◆ **Items from a data source**
= = = = = = =

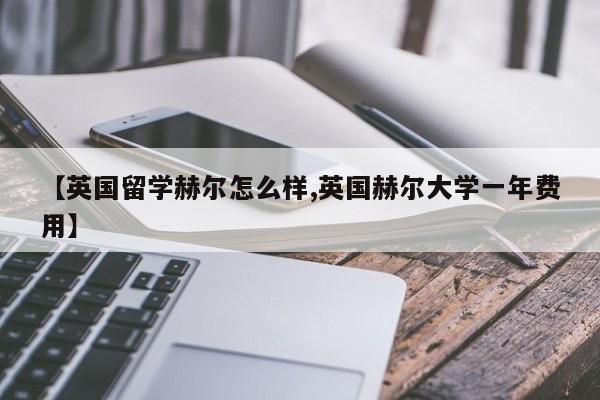 【英国留学赫尔怎么样,英国赫尔大学一年费用】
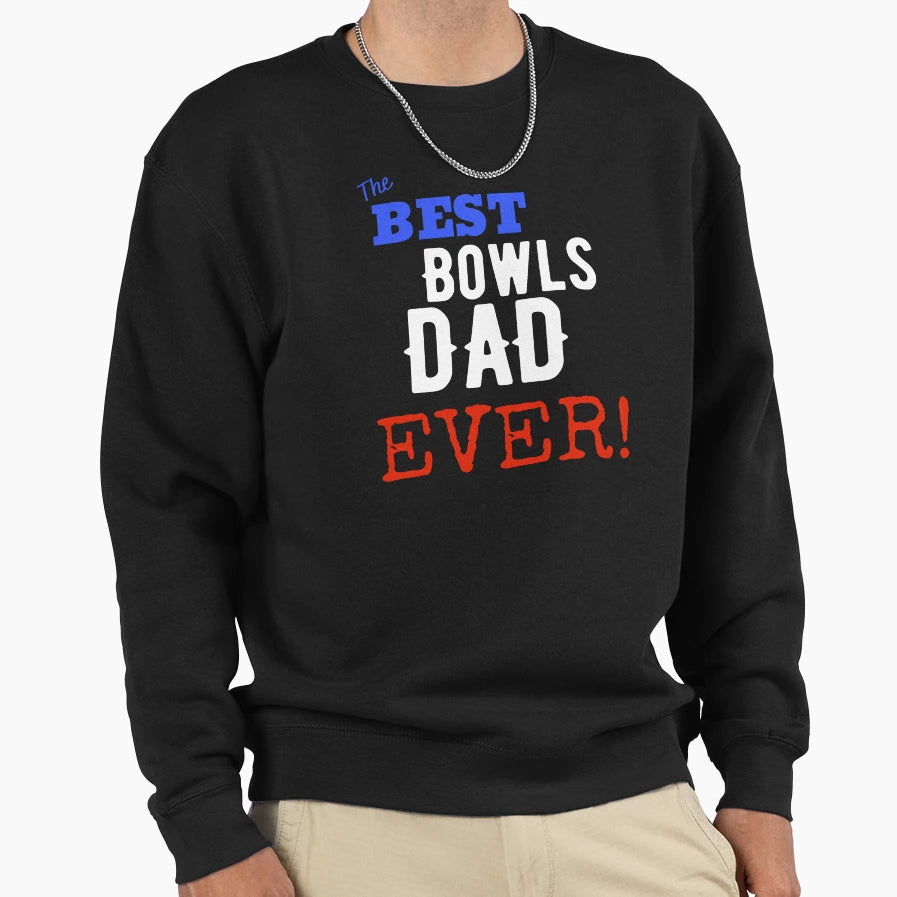 Best Bowls Dad Ever Sweatshirt - Custom Art Print for Adults - T-Shirt, Sweatshirt, Hoodie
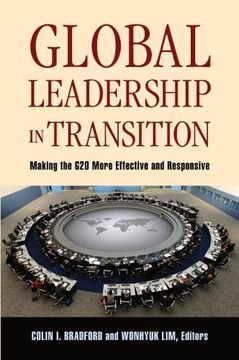 portada Global Leadership in Transition: Making the g20 More Effective and Responsive (in English)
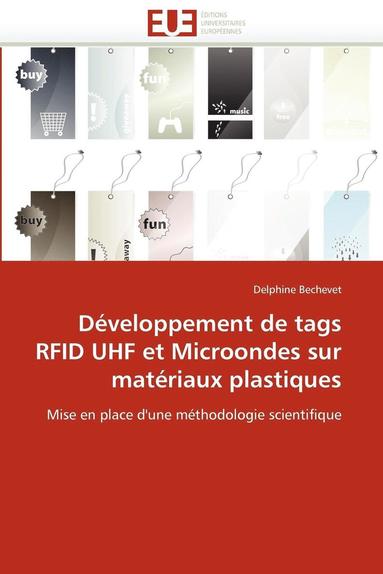 bokomslag D veloppement de Tags Rfid UHF Et Microondes Sur Mat riaux Plastiques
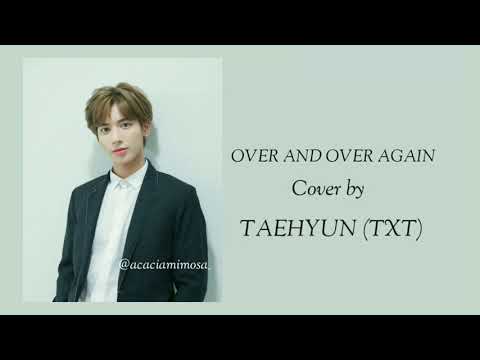 Over And Over Again Cover by Taehyun (TXT)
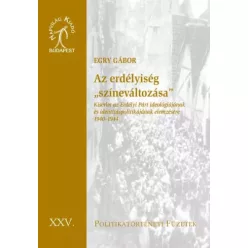   Egry Gábor - Az erdélyiség „színeváltozása” (e-könyv)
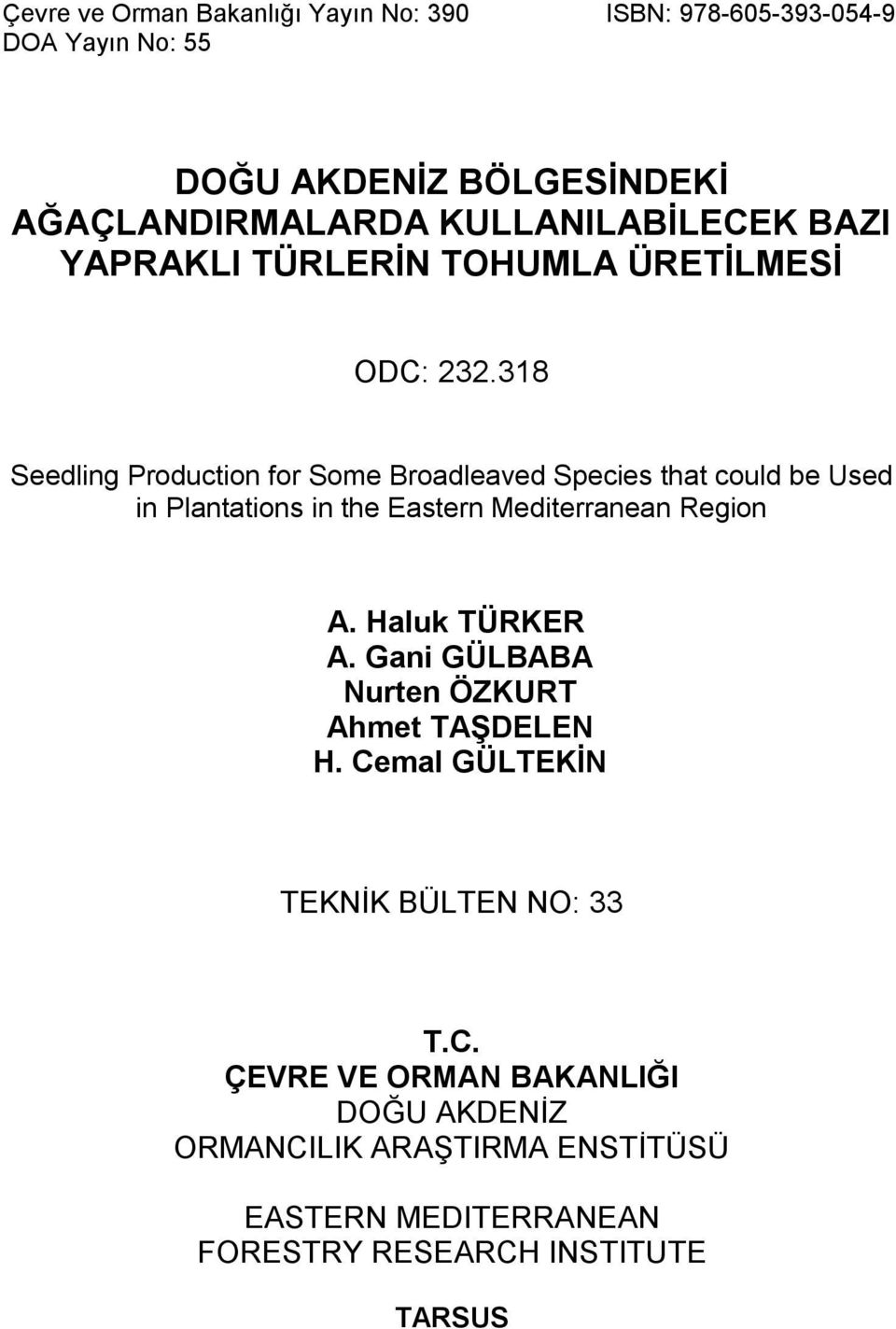 318 Seedling Production for Some Broadleaved Species that could be Used in Plantations in the Eastern Mediterranean Region A.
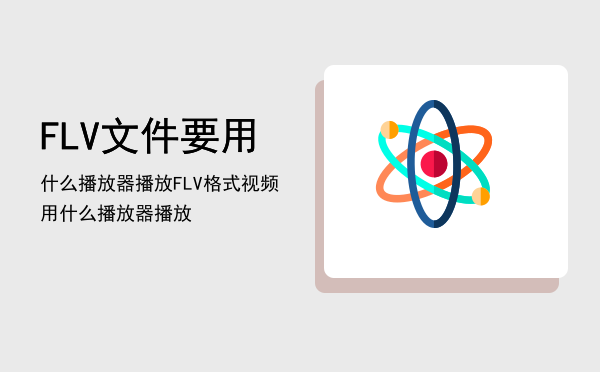 FLV文件要用什么播放器播放「FLV格式视频用什么播放器播放」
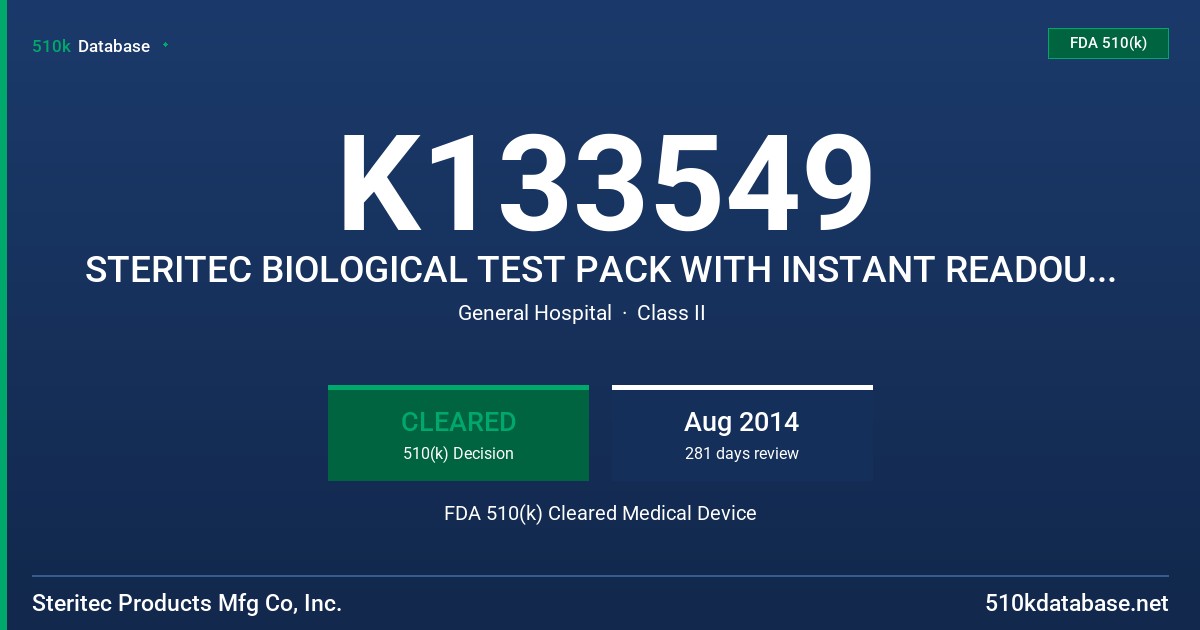 K133549 STERITEC BIOLOGICAL TEST PACK WITH INSTANT READOUT INTEGRATOR FDA 510(k) Cleared Medical Device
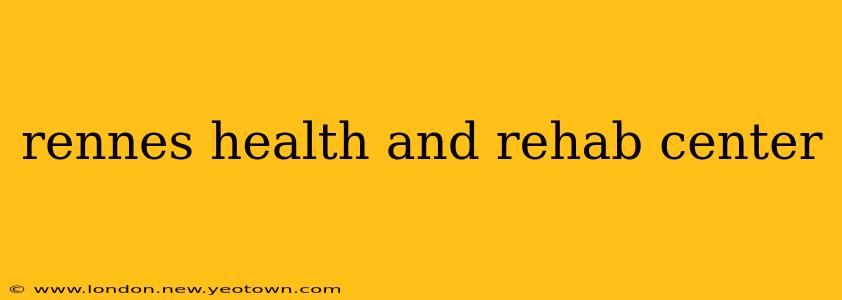 rennes health and rehab center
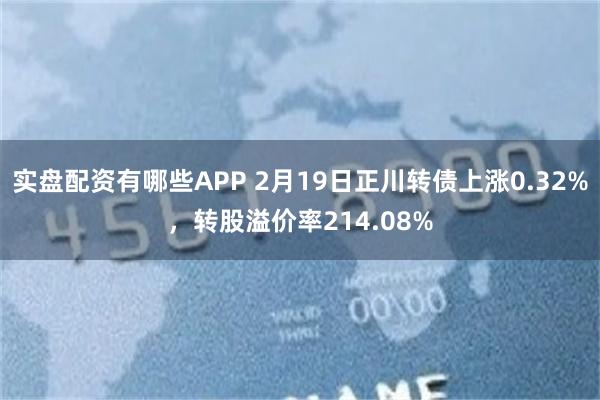 实盘配资有哪些APP 2月19日正川转债上涨0.32%，转股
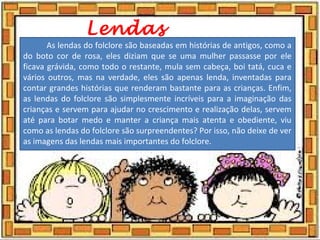 Lendas
As lendas do folclore são baseadas em histórias de antigos, como a
do boto cor de rosa, eles diziam que se uma mulher passasse por ele
ficava grávida, como todo o restante, mula sem cabeça, boi tatá, cuca e
vários outros, mas na verdade, eles são apenas lenda, inventadas para
contar grandes histórias que renderam bastante para as crianças. Enfim,
as lendas do folclore são simplesmente incríveis para a imaginação das
crianças e servem para ajudar no crescimento e realização delas, servem
até para botar medo e manter a criança mais atenta e obediente, viu
como as lendas do folclore são surpreendentes? Por isso, não deixe de ver
as imagens das lendas mais importantes do folclore.
 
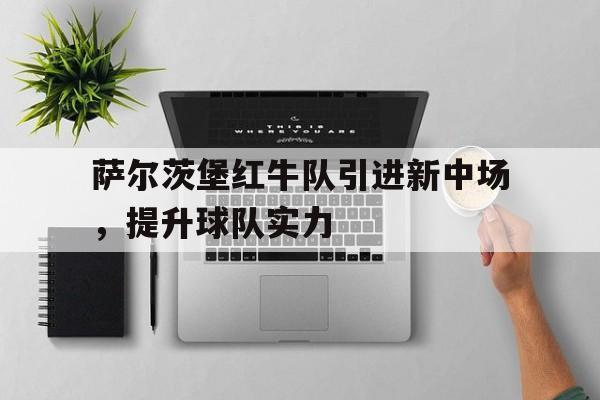 关于萨尔茨堡红牛队引进新中场，提升球队实力的信息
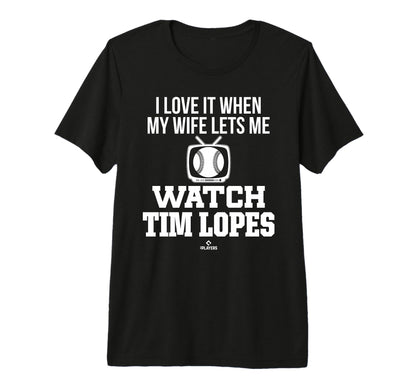 My Wife Lets Me Watch Tim Lopes T-Shirt - Aesthetic Graphic for Adults - T-Shirt, Sweatshirt, Hoodie
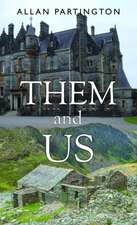 Them and Us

= = = = = = =

◆ **PROBLEM REQUIREMENTS**
Within the data, count the lines that hold the word "mais". Answer with the figure and nothing more.

◆ **THE ANSWER**
2